▶ [TASK DESCRIPTION]
From the line that includes "size 3 unisex snow boots" to the last line of the records that follow, copy every line exactly and nothing more, omitting pictures.
(TASK INPUTS)
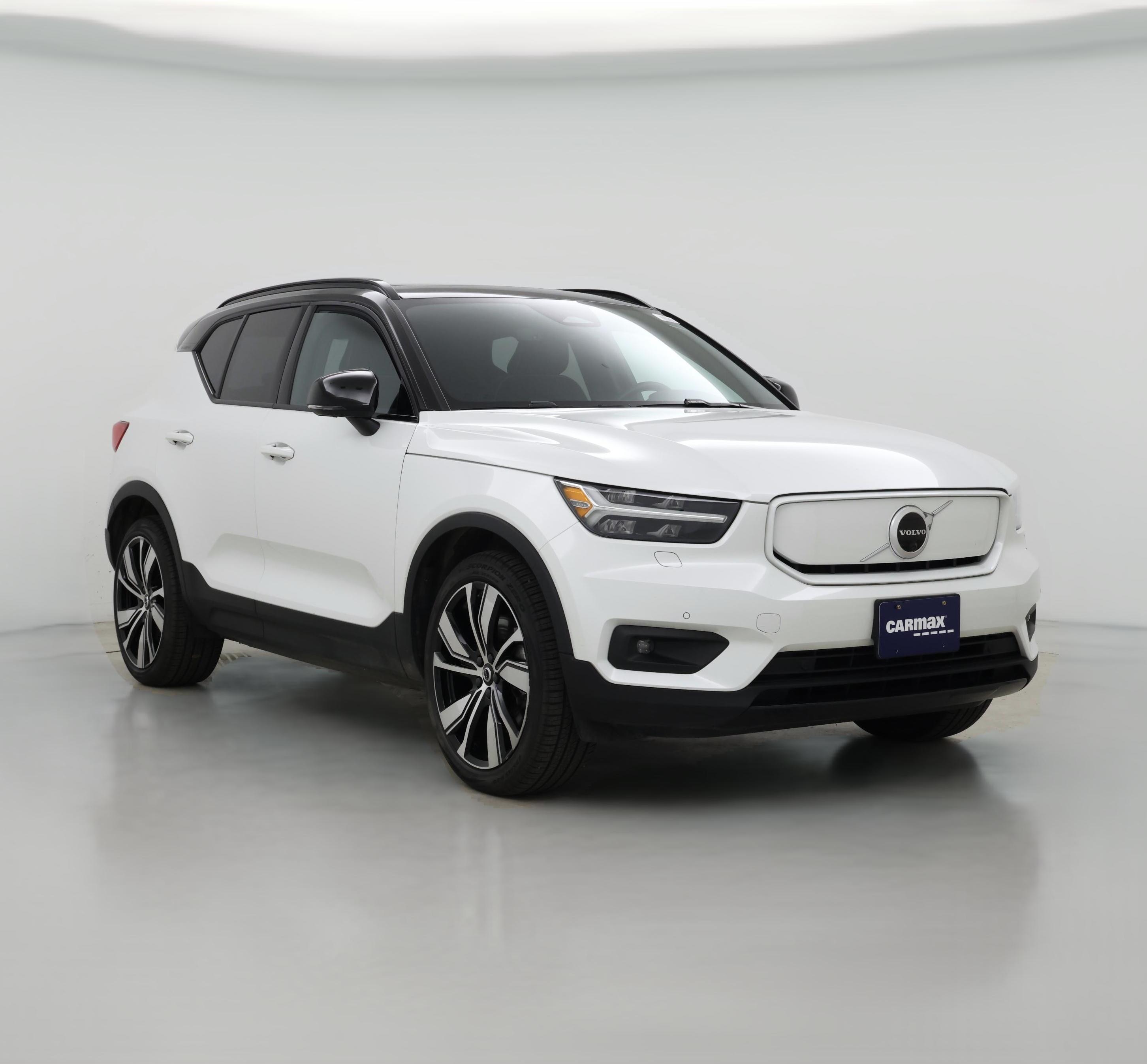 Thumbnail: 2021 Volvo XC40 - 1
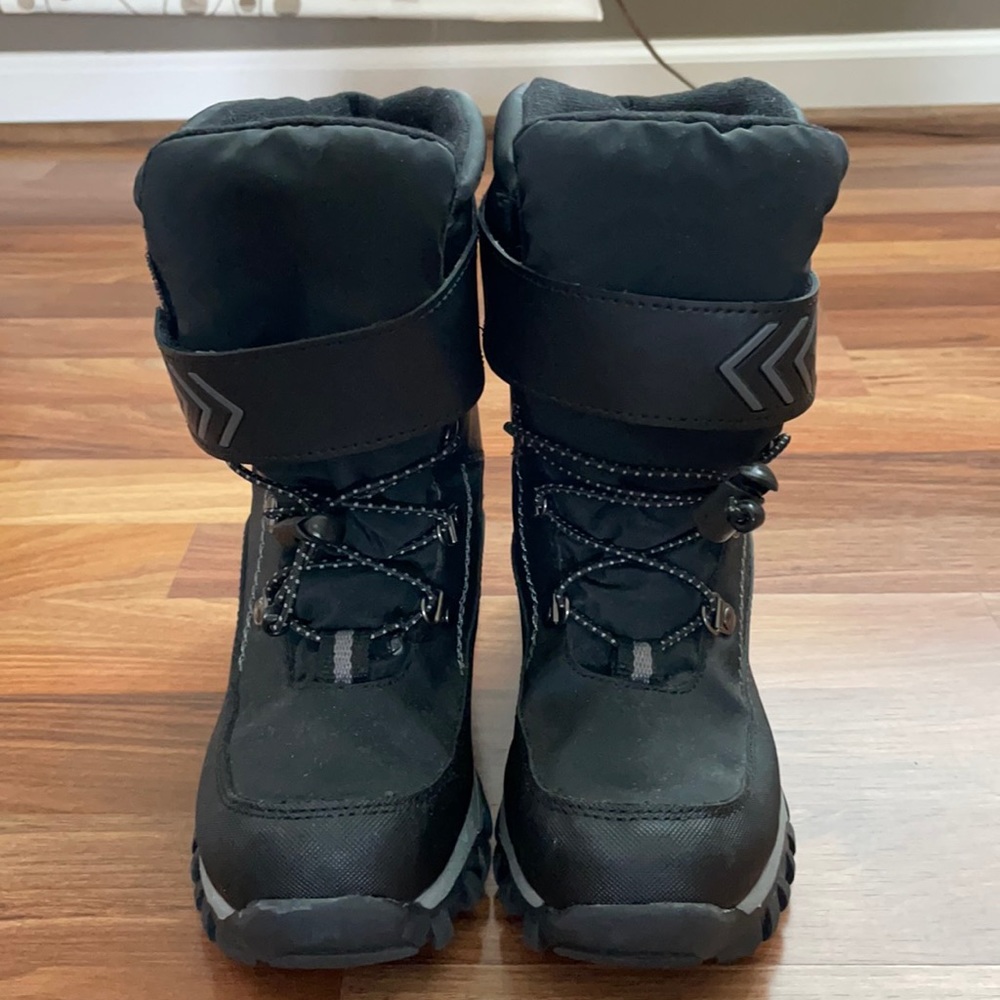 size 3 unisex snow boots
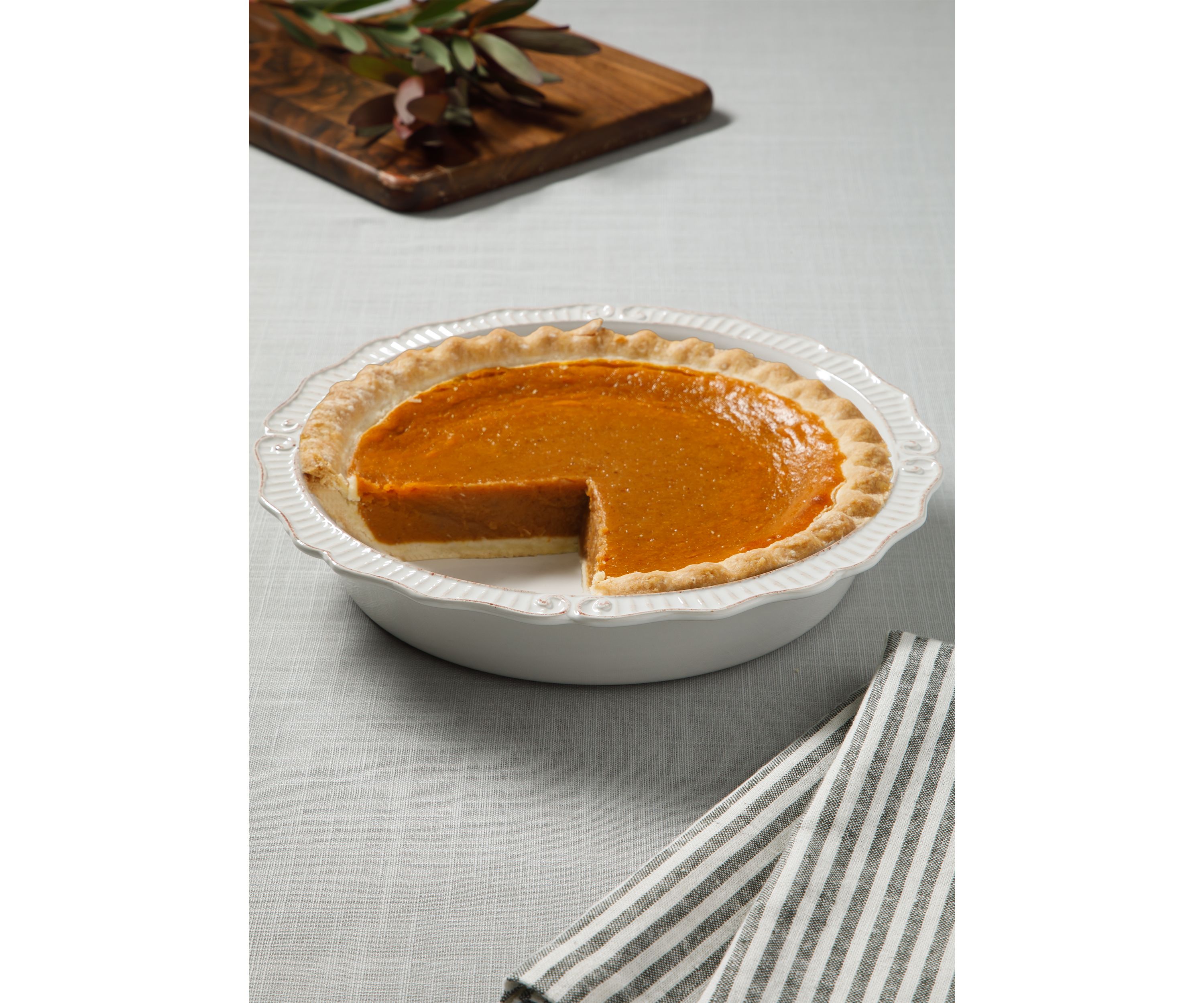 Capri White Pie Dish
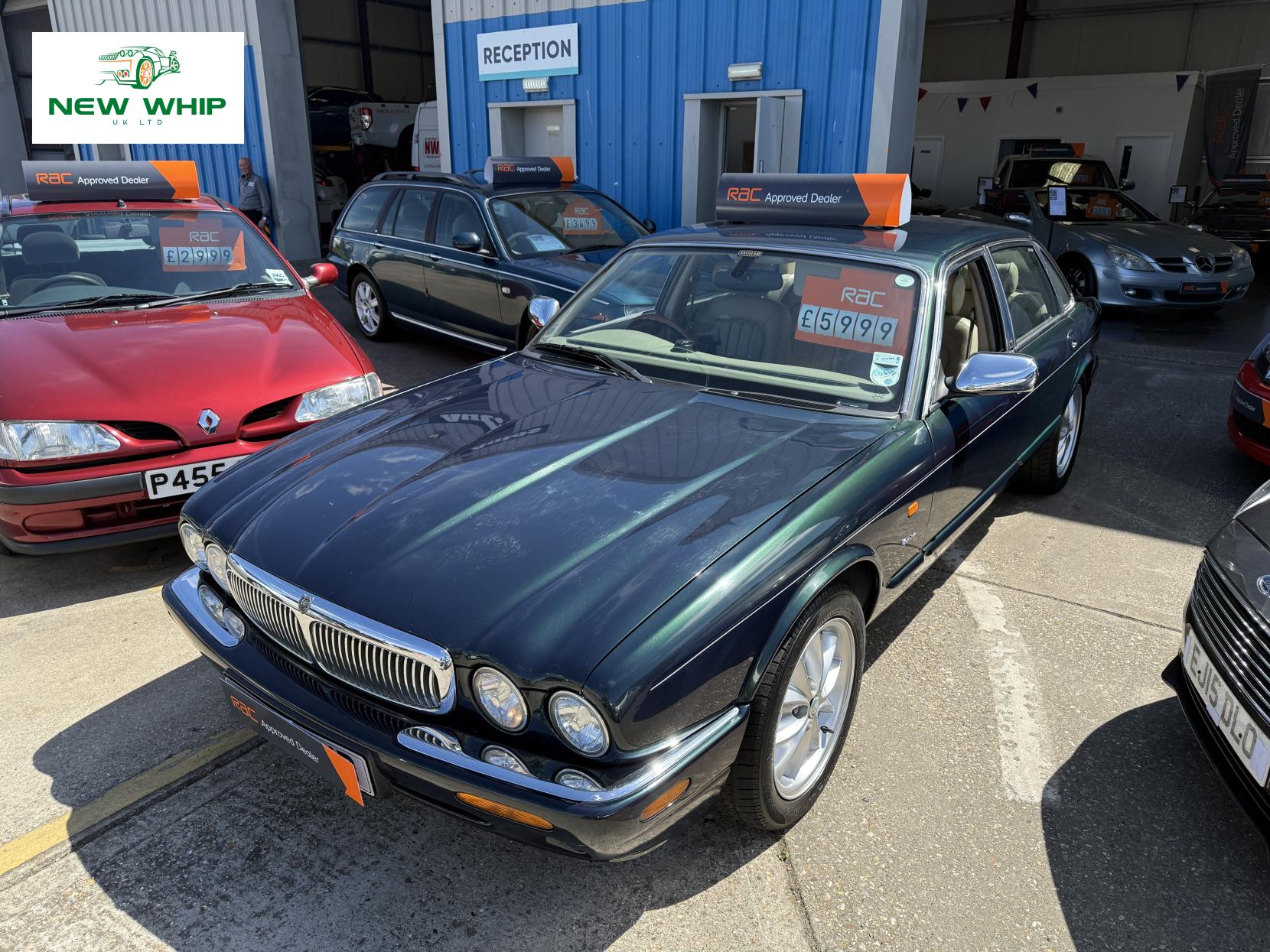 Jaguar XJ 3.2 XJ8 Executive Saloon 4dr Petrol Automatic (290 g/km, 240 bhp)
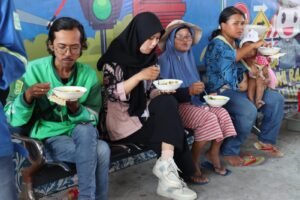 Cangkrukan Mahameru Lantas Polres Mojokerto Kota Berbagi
(End TASK INPUTS)
▶ [TASK OUTPUT]
 size 3 unisex snow boots
 Capri White Pie Dish
 Jaguar XJ 3.2 XJ8 Executive Saloon 4dr Petrol Automatic (290 g/km, 240 bhp)
 Cangkrukan Mahameru Lantas Polres Mojokerto Kota Berbagi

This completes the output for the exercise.